What makes writing your passion?
I just love writing. I love telling stories. I love inventing new worlds, new ways of seeing things, and new places to escape to. Fantasy and sci-fi have been my safe space since I was really young, and writing is a way for me to retreat—and to maybe take some folks with me.
How long have you been writing?
"Generally writing" probably... forever. I means seriously. I used to belong to Starfleet, an international Star Trek fan club, and I clearly remember writing some Starfleet Academy manuals—we used them to train up new chapter heads and such. I remember writing incredibly long emails at work in the mid 1990s. I just love putting words in order.
What was the feeling when you published your first book?
Honestly, it felt surreal. When you pick up the paperback copy for the first time, you see the cover design, you see YOUR words written down on tree leaves... it doesn't feel real at first. Then it feels amazing. And then it feels like you need to start writing the next one!
What’s the story behind your choice of characters?
Oh, gosh. You know, I'd say that I wind up writing characters that I want to relate to in some way. If you dig, you probably see a lot of me and my insecurities, you probably see a lot of my friends, especially the ones we knew when I was younger. In my head, they're fully fleshed-out, real people. You don't always see all that in the novels, of course, but it's for sure there. They're very imperfect, like me, but they try hard, and they have a vision for themselves.
What annoys you the most in pursuing a writing career?
Getting in front of readers. Like, it's amazing how much programs like KDP have democratized publishing. I've always been upset that traditional publishers do relatively little work and yet keep the lion's share of the revenue—writers are lucky to make a dollar on a book sale. But indie publishers have this massive hurdle of getting in front of their readers, spreading the word, that kind of thing. I wish more readers were diligent about leaving honest reviews, because it makes more of a difference, on a human being's life and work, than anyone can possibly imagine.
How do you get over the “writer’s block”?
I've never actually had it! I did a TikTok about it (https://www.tiktok.com/@donj_writes/video/7148069536510774574). I have a very disciplined and intensive process of blocking out the book, outlining it, and just doing a ton of up-front work. Once it comes to writing, all the decisions are made and I just get to be creative. A lot of the world-building and stuff comes at night as I'm waiting to fall asleep, or in a dream, or as I'm waking up, and I get that stuff into my blocking or notes documents ASAP. So I don't lose ideas. Sometimes, I'll write a couple of chapters to kind of capture what I think is a good idea, and then come back to it months and months later and start working on it.
Now some days, I'm not in a creative mood, and I know how to recognize that, and on those days I do other stuff. But figure at least 3-4 days a week I'm ready to write 5,000 words or so a day.
We all know the writer’s path is never easy, what makes you keep going? What advice would you give to new authors?
Write for the love of it. If all the marketing and editing and everything else is bumming you out (I personally get anxious about reading edits), then... don't.
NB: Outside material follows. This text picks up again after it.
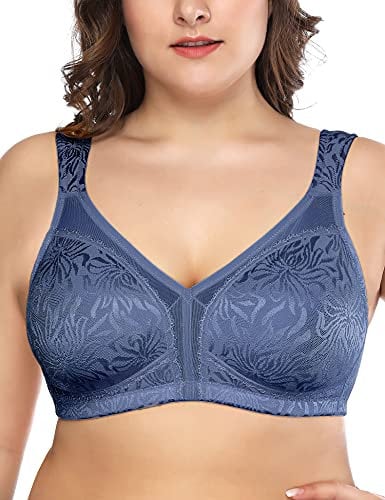 Deyllo Women's Minimizer Bra Wireless Plus Size Bra Full Coverage Comfort Everyday Bra Non Padded(Bice,46H)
Don't commercialize your writing if that diminishes your love for it. Find people to help—my husband reads my edits for me and lets me know if it's bad or not, so I can brace myself. But above all, write for yourself, for the story, and for the people you want o read it. Write for the love of it.
If you could go back in time and talk to your younger self, what would you say?
Stop being so afraid of what other people think. Constructive criticism—actionable things that are presented politely and professionally—is fine, but don't be AFRAID of it. Write the darn story. Put it out in the world. Did you know Tolkien rewrote Lord of the Rings like four times over a decade or more? It's fine. It's fine to not get it right. It's fine to try again. But there's no progress, no motion, unless you DO IT. So just... DO IT.
Do you read your book reviews? How do you deal with the bad ones?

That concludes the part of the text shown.